Others are quietly biting their nails.
“I think [developers] are very nervous,” says Jonathan Miller of the appraisal firm Miller Samuel. “He came out very strongly against proliferation of high-end development, and has essentially given the impression that things are going to be different. When you do that after 12 years of status quo, it makes people nervous.”
But, whatever you think of the incoming administration, it remains very much a blank canvas. Anything could happen in the next four years. Here are four predictions and hopes about Bill de Blasio’s coming reign from a few key people in the real estate business.
1) PREDICTION: Buildings get bigger.
Bill de Blasio has championed more affordable housing . . . but how does he get there? “He’s amenable to [getting it] by exhibiting flexibility in height and bulk approvals,” says Levine. This means that building height restrictions might be one of the first things to go.
2) HOPE: De Blasio won’t lose sight of what Bloomberg did to make the city livable.
“I hope de Blasio continues Mayor Bloomberg’s successful policies [of] greening the city, funding the arts, diversifying industries and making government more efficient and less wasteful,” says Leonard Steinberg of Douglas Elliman.

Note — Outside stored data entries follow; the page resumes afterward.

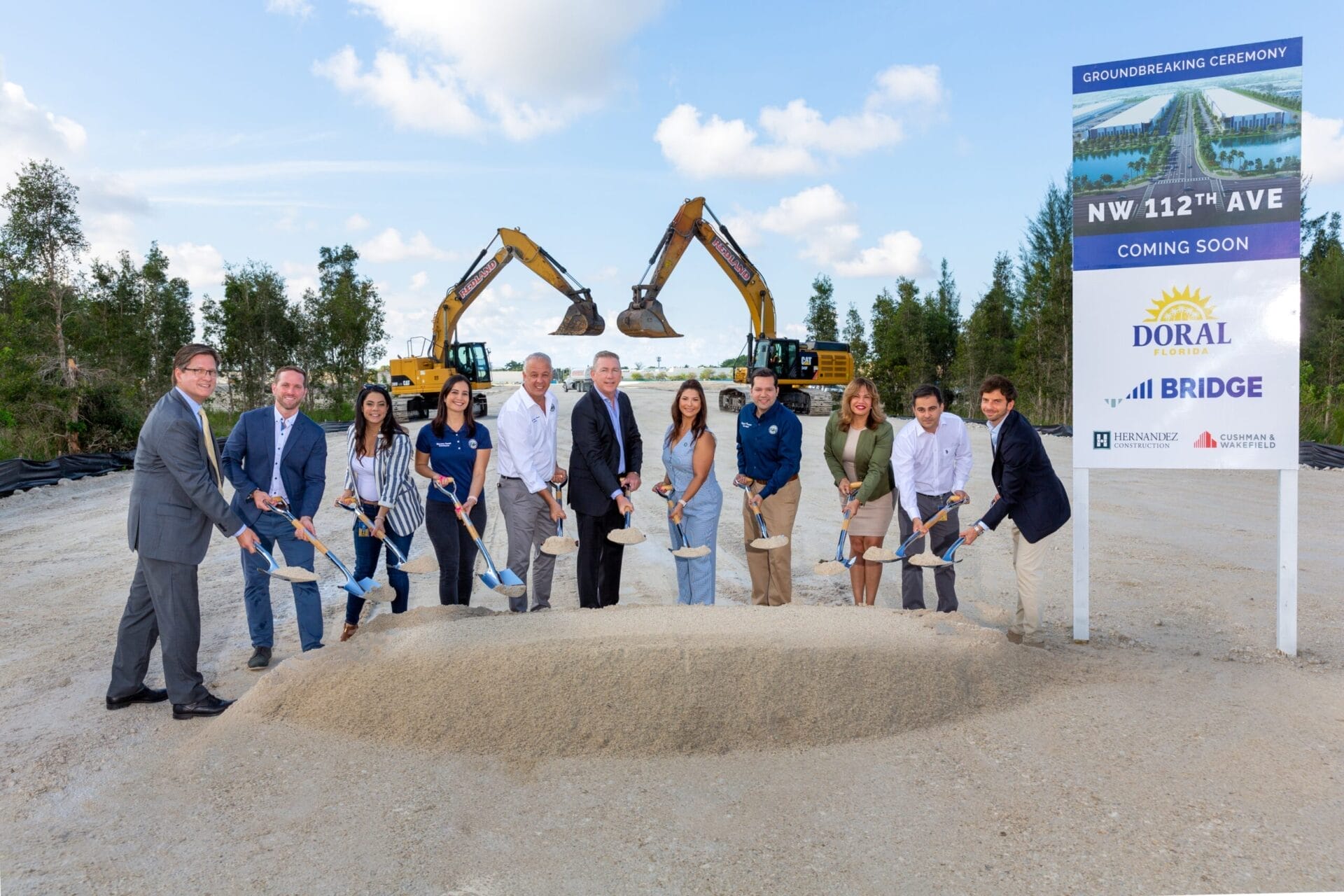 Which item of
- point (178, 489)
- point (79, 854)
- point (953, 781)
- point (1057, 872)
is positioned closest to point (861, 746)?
point (953, 781)

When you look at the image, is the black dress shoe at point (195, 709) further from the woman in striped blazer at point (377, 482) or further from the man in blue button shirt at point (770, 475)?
the man in blue button shirt at point (770, 475)

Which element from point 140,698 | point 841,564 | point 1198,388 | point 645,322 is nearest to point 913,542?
point 841,564

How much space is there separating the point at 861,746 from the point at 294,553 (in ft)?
10.2

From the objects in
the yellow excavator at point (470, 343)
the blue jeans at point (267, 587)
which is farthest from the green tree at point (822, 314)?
the blue jeans at point (267, 587)

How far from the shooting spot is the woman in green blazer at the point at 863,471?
5145 millimetres

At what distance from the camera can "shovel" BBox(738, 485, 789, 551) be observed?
5176mm

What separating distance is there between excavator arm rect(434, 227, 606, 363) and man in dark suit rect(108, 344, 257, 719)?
15.2m

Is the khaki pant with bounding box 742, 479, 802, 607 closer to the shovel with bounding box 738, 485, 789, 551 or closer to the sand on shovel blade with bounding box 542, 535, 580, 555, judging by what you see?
the shovel with bounding box 738, 485, 789, 551

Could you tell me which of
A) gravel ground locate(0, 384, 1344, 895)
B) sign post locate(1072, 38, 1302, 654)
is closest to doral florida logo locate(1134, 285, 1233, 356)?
sign post locate(1072, 38, 1302, 654)

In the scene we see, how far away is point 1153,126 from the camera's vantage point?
4.80 metres

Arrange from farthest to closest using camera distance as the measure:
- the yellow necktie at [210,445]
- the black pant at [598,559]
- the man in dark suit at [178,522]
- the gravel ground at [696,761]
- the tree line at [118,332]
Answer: the tree line at [118,332]
the black pant at [598,559]
the yellow necktie at [210,445]
the man in dark suit at [178,522]
the gravel ground at [696,761]

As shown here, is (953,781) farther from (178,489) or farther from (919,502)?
(178,489)

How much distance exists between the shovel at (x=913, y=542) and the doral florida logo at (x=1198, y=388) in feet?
3.43

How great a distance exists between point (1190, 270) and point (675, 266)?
15.7 meters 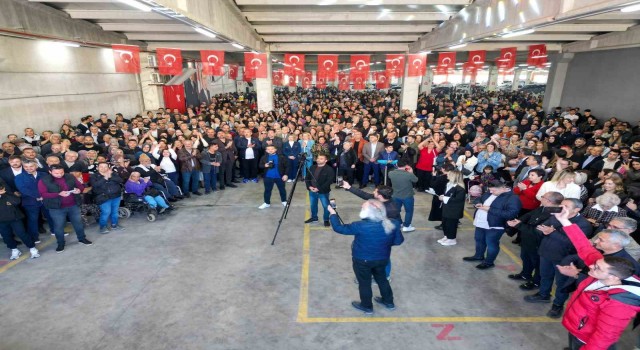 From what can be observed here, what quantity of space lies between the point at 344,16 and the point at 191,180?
7.46 meters

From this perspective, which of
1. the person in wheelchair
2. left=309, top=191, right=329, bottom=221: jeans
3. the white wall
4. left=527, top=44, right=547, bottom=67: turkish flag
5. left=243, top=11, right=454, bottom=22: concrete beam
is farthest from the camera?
left=527, top=44, right=547, bottom=67: turkish flag

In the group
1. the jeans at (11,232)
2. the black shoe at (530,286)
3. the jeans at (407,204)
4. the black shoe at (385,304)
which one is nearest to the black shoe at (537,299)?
the black shoe at (530,286)

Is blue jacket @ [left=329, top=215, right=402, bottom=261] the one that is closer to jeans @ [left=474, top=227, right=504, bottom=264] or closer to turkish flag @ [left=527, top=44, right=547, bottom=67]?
jeans @ [left=474, top=227, right=504, bottom=264]

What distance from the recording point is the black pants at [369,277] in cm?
428

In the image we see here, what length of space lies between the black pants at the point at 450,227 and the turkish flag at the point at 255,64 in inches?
411

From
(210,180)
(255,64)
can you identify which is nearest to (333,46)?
(255,64)

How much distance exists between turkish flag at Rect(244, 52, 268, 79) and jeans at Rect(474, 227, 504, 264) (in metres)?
11.2

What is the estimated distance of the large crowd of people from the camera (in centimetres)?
464

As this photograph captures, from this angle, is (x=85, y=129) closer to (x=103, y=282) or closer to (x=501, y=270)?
(x=103, y=282)

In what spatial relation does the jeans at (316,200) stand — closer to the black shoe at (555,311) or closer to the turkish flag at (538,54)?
the black shoe at (555,311)

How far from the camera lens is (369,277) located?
14.5ft

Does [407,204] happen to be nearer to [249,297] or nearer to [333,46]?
[249,297]

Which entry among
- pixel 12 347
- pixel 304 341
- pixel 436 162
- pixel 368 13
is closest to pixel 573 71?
pixel 368 13

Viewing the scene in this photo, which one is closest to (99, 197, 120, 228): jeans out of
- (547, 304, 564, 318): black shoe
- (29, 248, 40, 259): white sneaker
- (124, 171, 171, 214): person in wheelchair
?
(124, 171, 171, 214): person in wheelchair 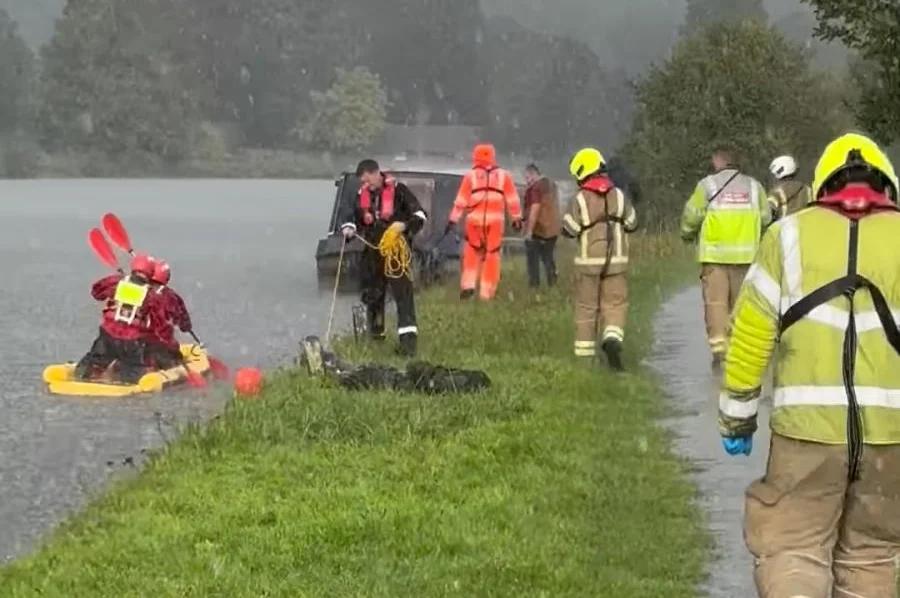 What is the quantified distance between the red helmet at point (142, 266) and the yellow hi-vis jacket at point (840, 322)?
866cm

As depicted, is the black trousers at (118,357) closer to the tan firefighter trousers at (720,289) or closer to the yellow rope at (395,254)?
the yellow rope at (395,254)

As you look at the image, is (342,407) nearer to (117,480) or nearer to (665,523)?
(117,480)

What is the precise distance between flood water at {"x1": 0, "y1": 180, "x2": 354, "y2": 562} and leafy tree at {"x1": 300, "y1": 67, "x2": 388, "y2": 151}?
216 feet

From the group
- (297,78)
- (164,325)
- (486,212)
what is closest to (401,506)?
(164,325)

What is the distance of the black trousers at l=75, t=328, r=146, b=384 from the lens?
44.2ft

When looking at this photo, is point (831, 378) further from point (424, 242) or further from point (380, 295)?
point (424, 242)

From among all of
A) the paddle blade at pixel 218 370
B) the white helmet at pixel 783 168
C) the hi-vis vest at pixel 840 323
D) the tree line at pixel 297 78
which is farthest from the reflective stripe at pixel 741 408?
the tree line at pixel 297 78

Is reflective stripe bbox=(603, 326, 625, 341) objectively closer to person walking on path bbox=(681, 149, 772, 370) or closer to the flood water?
person walking on path bbox=(681, 149, 772, 370)

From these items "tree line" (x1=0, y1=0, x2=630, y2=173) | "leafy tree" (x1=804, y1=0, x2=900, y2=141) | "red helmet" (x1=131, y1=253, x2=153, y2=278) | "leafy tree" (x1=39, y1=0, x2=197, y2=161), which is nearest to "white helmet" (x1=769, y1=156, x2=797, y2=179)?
"leafy tree" (x1=804, y1=0, x2=900, y2=141)

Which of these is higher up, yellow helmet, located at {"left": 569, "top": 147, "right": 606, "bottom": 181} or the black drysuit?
yellow helmet, located at {"left": 569, "top": 147, "right": 606, "bottom": 181}

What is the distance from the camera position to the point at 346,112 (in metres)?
124

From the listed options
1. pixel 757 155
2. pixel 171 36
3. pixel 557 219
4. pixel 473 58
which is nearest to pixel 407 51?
pixel 473 58

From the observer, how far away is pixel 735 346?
17.7 ft

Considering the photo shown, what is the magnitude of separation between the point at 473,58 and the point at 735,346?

And he should “attack noise pollution with a vengeance. A few people make much too much noise; they are a small minority making the lives of the majority horrible.”
3) PREDICTION: The status quo will be respected. At least for now.
“Number 1 wish on my wish list would be to maintain the status quo,” says Shaun Osher of CORE. “I’m of the ‘If it ain’t broke, don’t fix it,’ school of thought.”
And, for better or worse, there’s only so much a de Blasio administration can do to alter the real estate landscape — at least for the next two years. Most of the new construction that has broken ground is of the high-end luxury variety. Drawing up new plans — or altering existing ones — would take a lot of time and effort. And money.
“How do you make [affordable housing] possible?” asks Miller. “There has to be some sort of government intervention or subsidy program or incentive in order to do that.” Given what the NYC budget looks like, this seems unlikely.
4) HOPE: NYC protects its hard-won international “brand.”
“My hope is that de Blasio’s vision includes the global position of the city, and why we fared better than other urban markets in the US,” says Miller. Even during the darkest days of the economic crisis, tourists kept coming to the city, because it was viewed as a relatively safe place with excellent amenities like Central Park. It’s also one of the global financial centers of the world. Not to mention it boasts a real estate market that has only increased in price since the 2008 economic meltdown. “That’s a very important asset,” says Miller. “And it’s developed over the last 20 years.”